Tate’s final victory in MMA came on March 5, 2016, when she won the UFC Women’s Bantamweight Championship after beating Holly Holm via technical submission. On July 9, 2016, she lost the UFC title to Amanda Nunes at UFC 200. In November 2016, she announced her retirement from MMA after a loss by decision to Raquel Pennington at UFC 205.

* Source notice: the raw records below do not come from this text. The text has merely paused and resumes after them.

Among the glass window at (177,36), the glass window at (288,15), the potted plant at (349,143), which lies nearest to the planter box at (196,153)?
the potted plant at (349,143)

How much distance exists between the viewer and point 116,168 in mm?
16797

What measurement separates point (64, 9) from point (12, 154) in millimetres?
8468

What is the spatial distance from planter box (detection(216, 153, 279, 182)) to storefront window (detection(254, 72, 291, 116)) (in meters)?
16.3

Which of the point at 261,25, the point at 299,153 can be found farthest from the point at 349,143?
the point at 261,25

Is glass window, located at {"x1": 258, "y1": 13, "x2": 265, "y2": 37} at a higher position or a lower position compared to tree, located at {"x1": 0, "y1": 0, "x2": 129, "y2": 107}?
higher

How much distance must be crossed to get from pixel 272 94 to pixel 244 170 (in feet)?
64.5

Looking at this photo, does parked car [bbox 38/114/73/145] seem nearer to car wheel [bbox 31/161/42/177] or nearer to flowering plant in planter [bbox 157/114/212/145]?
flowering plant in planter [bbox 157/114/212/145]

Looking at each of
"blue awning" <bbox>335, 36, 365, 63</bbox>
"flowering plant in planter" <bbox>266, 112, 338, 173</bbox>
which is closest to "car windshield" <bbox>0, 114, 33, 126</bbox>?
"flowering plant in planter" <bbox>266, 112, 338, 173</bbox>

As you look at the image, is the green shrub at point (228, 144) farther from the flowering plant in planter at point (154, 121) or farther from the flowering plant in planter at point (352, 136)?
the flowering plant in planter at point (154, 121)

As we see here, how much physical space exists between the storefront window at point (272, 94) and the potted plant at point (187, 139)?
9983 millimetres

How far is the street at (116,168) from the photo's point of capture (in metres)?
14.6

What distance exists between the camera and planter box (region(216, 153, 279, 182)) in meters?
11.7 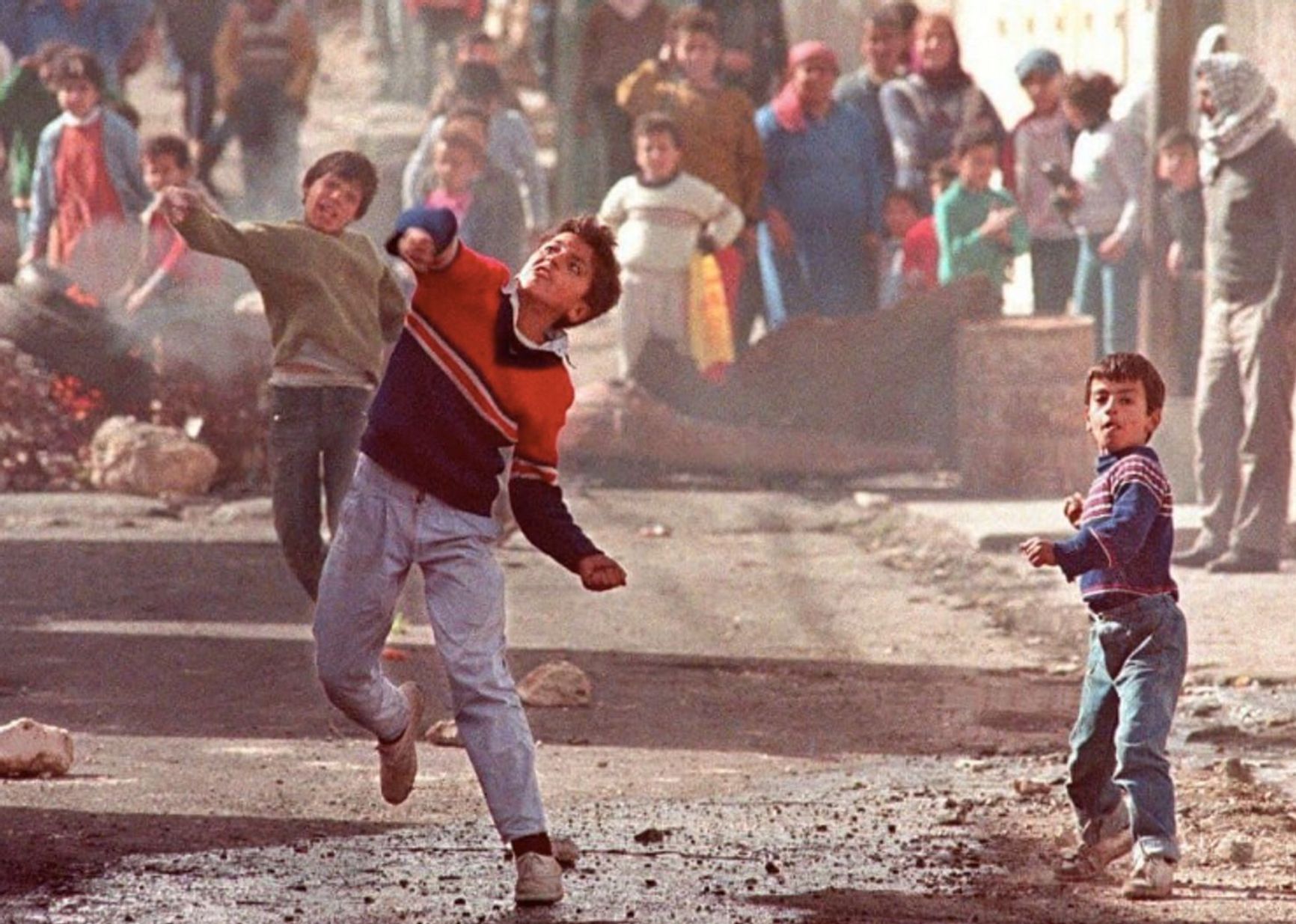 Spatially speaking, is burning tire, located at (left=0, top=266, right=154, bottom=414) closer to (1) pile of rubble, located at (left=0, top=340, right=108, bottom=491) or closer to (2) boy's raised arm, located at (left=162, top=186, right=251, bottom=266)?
(1) pile of rubble, located at (left=0, top=340, right=108, bottom=491)

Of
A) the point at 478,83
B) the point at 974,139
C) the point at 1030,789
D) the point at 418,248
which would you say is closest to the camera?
the point at 418,248

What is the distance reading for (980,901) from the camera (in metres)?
6.77

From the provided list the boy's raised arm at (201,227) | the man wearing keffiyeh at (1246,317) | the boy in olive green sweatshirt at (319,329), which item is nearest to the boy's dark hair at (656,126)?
the man wearing keffiyeh at (1246,317)

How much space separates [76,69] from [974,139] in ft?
15.0

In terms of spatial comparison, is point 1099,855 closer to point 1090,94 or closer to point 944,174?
point 1090,94

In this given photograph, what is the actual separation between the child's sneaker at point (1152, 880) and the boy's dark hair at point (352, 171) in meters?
3.82

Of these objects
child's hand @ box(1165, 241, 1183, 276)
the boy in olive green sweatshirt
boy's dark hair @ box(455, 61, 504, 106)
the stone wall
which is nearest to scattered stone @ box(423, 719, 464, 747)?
the boy in olive green sweatshirt

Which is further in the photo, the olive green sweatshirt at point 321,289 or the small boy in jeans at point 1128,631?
the olive green sweatshirt at point 321,289

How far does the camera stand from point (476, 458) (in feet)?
22.7

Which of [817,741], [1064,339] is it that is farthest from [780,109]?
[817,741]

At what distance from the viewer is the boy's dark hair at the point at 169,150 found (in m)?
15.9

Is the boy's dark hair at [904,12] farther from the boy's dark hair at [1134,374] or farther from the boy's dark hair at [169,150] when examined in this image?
the boy's dark hair at [1134,374]

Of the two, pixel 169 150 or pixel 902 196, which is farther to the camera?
pixel 902 196

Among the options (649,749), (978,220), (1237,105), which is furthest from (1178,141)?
(649,749) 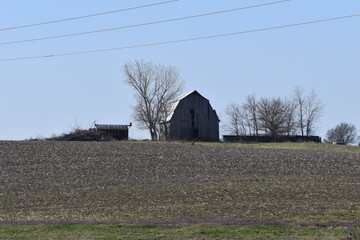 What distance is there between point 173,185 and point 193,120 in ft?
177

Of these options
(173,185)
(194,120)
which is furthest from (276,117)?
(173,185)

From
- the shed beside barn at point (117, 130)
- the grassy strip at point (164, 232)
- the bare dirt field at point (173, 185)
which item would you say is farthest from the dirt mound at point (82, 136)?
the grassy strip at point (164, 232)

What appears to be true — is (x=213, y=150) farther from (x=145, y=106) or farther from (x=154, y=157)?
(x=145, y=106)

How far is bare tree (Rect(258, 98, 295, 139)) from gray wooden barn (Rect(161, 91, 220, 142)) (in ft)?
64.8

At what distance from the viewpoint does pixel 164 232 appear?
18.3m

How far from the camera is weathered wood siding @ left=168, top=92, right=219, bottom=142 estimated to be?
85125mm

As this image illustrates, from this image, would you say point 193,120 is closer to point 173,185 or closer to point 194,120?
point 194,120

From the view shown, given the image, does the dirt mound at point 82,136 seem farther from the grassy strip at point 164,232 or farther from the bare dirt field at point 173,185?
the grassy strip at point 164,232

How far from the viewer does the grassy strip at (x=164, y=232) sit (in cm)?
1756

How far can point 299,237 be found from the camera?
17203 mm

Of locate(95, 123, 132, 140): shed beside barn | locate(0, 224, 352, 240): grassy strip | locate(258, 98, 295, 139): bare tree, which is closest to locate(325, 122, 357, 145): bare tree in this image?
locate(258, 98, 295, 139): bare tree

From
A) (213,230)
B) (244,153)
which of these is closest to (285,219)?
(213,230)

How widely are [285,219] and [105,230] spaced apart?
5420 mm

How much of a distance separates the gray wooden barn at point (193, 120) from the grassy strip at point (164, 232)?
64870 mm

Post retirement, Tate has shown interest in competing in no-gi grappling matches, the first of which was against former MMA opponent Jessica Eye at Submission Underground 2, which Tate won in overtime. Tate has also signed a contract with Fox Sports, joining the UFC analytical desk for FS1. Tate was known for her extensive knowledge of ground-based arts, including wrestling, jiu-jitsu, and submission defense; her wrestling-heavy style lead to her first nickname, “Takedown”. In July 2011, Tate won the Strikeforce Bantamweight Championship by becoming the first woman to ever submit Marloes Coenen in an MMA bout. During her win at UFC 183, Tate out-grappled Olympic wrestling medalist Sara McMann. She is also noted for being the first fighter to escape Ronda Rousey’s armbar on multiple occasions. Following their first bout in March 2012, Rousey described Tate as “much more savvy on the ground than I anticipated.”
Tate was noted for her double-leg takedowns, usually performed by picking an opponent up while pressing them against the cage. From top position, she typically attacked from side control as opposed to mount; in a rear position, she would usually secure a body triangle and attack with strikes. Having won multiple titles in wrestling, Tate was well known for her power on the ground, which often allowed her to hold opponents in vulnerable positions. Tate has extensive training in Brazilian jiu-jitsu. When attacking from her guard, she usually attempted an armbar or a triangle choke. She employed a variety of submissions while grappling with opponents, including heel hooks, guillotines, and kimura locks. During her fight against Julie Kedzie, she also used a triangle to transition to mount. Numerous media outlets, including Yahoo! and FoxSports.com, described her ground game as “powerful” and “dominant,” noting that Tate’s opponents were often overwhelmed if taken down. Julie Kedzie typically avoided going to the ground with Tate throughout the duration of their fight. During their bout at UFC 168, Ronda Rousey repeatedly blocked and reversed Tate’s takedown attempts.
While standing, Tate typically used left jabs, left hooks, a right cross, an overhand right, and knees from a clinch. Tate’s technique has earned the admiration of numerous peers. Following their bout in April 2013, Cat Zingano stated, “To be honest, I looked up to Miesha since I started this sport.” Rousey has described Tate as “an amazing fighter.”